Читаем Dark Benediction полностью

They shook hands. Thornier stood with his arms folded, haughtily inspecting a bug that crawled across the frond of a potted palm, and waiting for a chance to ask D’Uccia for the keys to the truck. He felt the theater manager’s triumphant gaze, but gave no indication that he heard.

“We can do the job for you all right, Mr. D’Uccia. Cut your worries in half. And that’ll cut your doctor bills in half, too, like you say. Yes, sir! A man in your position gets ground down with just plain human inefficiency—other people’s inefficiency. You’ll never have to worry about that, once you get the building autojanitored, no sir!”

“T’ank you kindly.”

“Thank you, Mr. D’Uccia, and I’ll see you later this afternoon.”

The salesman left.


“Well, bom?” D’Uccia grunted to the janitor.

“The keys to the truck. Miss Ferne wants a pickup from the depot.”

D’Uccia tossed them to him. “You hear what the man say? Letsa machines do alla work, hah? Always you wantsa day off. O.K., you takka da day off, ever’day pretty soon. Nice for you, hah, ragazzo?”
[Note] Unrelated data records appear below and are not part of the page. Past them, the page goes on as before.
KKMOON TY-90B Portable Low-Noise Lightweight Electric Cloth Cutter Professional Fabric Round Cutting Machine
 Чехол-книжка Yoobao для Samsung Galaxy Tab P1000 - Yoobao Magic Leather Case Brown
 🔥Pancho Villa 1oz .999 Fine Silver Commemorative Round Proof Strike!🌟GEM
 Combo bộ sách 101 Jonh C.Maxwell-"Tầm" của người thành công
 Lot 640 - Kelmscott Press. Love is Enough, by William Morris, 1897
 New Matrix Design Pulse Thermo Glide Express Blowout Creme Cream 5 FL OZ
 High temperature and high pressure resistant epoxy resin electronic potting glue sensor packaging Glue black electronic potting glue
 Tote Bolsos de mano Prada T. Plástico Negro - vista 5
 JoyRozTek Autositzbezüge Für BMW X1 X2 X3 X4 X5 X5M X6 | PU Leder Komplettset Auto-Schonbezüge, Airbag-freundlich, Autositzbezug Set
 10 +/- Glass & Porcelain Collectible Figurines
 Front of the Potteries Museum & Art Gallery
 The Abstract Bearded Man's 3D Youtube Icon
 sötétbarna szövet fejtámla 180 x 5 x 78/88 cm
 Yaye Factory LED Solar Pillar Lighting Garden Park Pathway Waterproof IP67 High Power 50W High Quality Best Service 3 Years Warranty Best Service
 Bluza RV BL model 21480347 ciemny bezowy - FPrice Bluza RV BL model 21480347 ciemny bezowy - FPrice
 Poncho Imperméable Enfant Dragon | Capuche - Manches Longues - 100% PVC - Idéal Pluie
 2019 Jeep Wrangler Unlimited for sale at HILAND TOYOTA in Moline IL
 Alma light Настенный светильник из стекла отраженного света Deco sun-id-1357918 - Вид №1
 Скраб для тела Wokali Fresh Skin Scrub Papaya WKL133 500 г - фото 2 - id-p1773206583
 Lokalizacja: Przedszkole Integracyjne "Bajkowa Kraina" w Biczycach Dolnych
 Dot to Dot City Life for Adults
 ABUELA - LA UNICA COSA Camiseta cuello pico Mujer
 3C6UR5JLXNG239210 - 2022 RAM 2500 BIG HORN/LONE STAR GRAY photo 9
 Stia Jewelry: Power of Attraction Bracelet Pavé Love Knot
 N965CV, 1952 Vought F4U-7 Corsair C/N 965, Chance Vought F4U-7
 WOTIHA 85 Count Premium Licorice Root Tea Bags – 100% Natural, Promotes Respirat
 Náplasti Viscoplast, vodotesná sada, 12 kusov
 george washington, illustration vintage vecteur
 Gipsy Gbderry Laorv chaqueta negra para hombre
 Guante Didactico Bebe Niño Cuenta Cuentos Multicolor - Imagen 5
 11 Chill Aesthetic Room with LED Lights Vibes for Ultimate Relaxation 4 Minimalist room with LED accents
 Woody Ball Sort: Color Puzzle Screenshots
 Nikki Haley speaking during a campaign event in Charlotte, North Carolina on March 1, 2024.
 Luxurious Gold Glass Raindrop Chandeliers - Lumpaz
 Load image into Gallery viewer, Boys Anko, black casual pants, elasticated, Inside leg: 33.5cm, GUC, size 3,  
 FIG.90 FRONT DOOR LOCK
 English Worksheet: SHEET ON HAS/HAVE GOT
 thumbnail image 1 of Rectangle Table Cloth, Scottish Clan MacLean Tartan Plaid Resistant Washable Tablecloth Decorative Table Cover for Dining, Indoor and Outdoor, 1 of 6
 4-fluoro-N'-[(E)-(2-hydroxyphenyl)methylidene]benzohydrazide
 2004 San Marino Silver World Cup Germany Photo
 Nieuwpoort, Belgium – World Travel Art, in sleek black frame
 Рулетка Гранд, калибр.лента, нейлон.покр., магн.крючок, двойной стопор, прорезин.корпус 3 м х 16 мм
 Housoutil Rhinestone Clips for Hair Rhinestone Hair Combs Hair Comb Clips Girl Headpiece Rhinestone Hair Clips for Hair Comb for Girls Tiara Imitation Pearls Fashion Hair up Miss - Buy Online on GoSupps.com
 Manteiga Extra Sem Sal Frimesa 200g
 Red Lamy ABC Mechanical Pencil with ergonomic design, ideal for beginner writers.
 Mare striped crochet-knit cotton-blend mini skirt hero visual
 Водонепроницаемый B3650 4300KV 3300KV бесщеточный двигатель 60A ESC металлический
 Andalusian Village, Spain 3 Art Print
Thornier turned away quickly to avoid displaying the surge of unwanted anger. “Be back in an hour,” he grunted, and hurried away on his errand, his jaw working in sullen resentment. Why wait around for two humiliating weeks? Why not just walk out? Let D’Uccia do his own chores until the autojan was installed. He’d never be able to get another job around the theater anyhow, so D’Uccia’s reaction wouldn’t matter.

I’ll walk out now, he thought—and immediately knew that he wouldn’t. It was hard to explain to himself, but when he thought of the final moment when he would be free to look for a decent job and a comfortable living—he felt a twinge of fear that was hard to understand.

The janitor’s job had paid him only enough to keep him alive in a fourth floor room where he cooked his own meager meals and wrote memoirs of the old days, but it had kept him close to the lingering remnants of something he loved.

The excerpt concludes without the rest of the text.